Caption-style text data
--------------------------------------------------
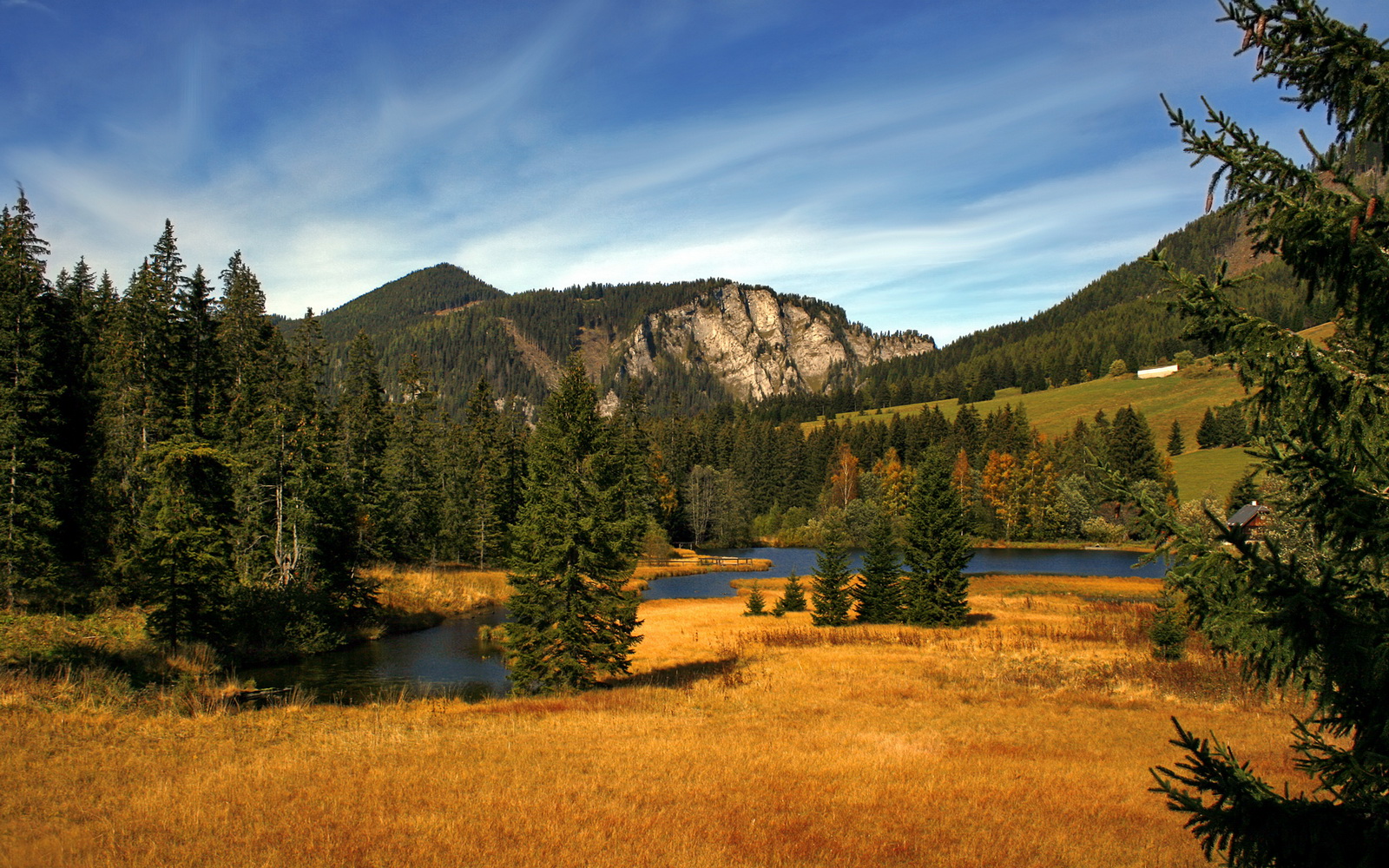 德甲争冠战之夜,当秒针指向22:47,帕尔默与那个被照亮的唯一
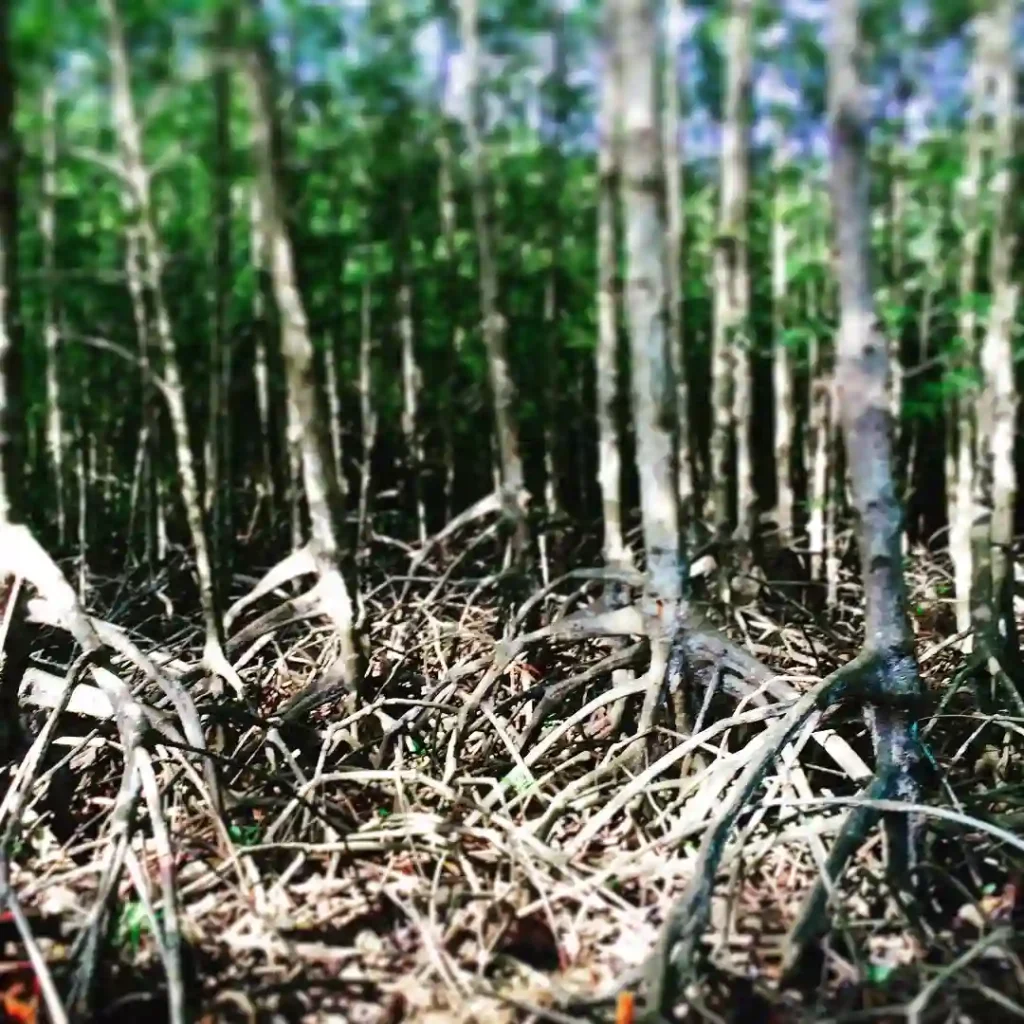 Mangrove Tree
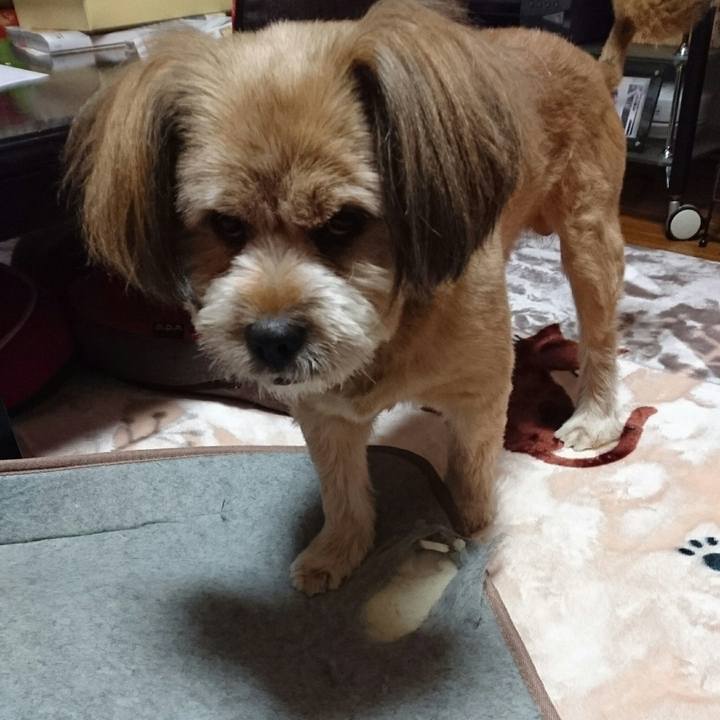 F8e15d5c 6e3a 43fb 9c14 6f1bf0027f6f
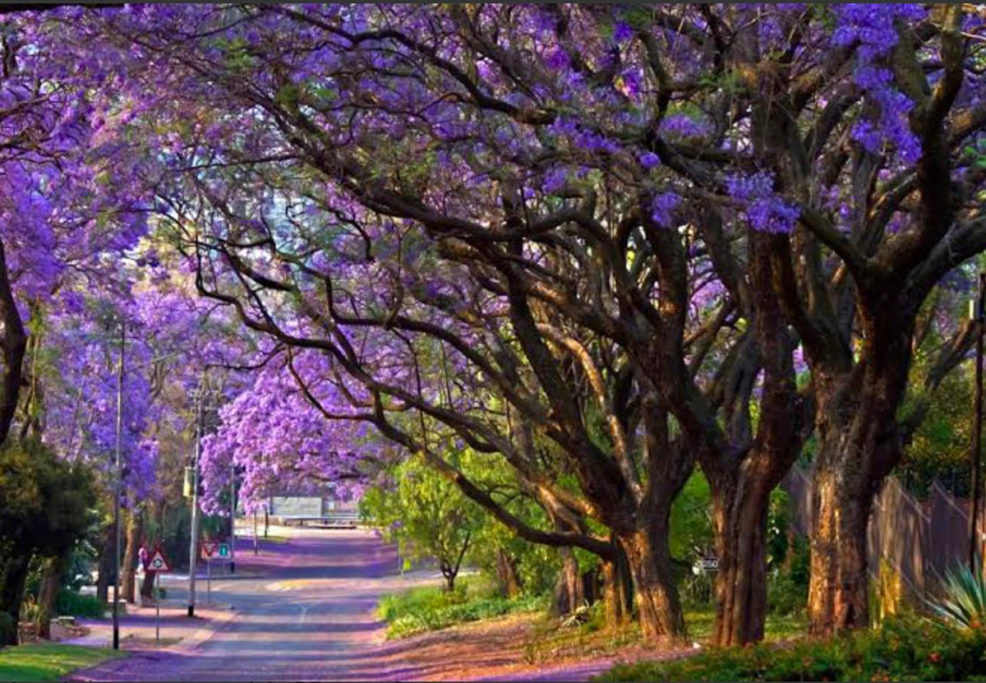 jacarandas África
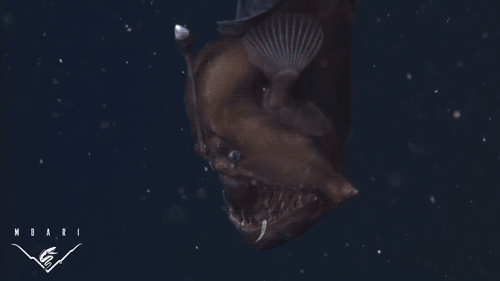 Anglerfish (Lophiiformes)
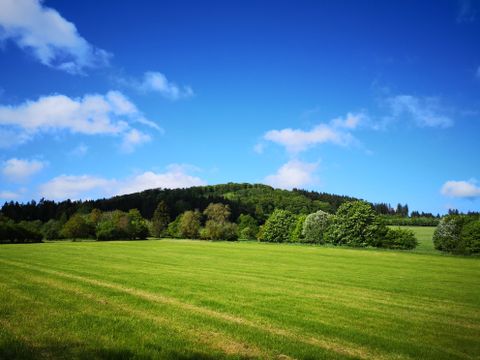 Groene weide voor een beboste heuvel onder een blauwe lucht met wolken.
--------------------------------------------------
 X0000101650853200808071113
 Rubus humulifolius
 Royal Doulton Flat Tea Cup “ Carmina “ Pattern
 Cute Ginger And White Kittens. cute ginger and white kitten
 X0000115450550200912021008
--------------------------------------------------
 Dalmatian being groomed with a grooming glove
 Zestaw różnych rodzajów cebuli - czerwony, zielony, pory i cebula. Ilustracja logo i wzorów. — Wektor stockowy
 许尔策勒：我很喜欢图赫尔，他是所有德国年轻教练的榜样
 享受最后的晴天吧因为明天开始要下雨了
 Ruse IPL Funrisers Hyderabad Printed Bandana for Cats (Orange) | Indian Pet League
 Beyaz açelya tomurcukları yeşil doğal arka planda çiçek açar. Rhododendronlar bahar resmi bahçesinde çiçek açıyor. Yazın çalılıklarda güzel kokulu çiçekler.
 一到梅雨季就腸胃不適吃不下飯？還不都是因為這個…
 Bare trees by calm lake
--------------------------------------------------
:: Your assignment ::
Copy the lines of the data above exactly as written, beginning with the line containing "Rubus humulifolius" and ending with the line containing "X0000115450550200912021008", and leave out all other lines.

:: Exercise solution ::
 Rubus humulifolius
 Royal Doulton Flat Tea Cup “ Carmina “ Pattern
 Cute Ginger And White Kittens. cute ginger and white kitten
 X0000115450550200912021008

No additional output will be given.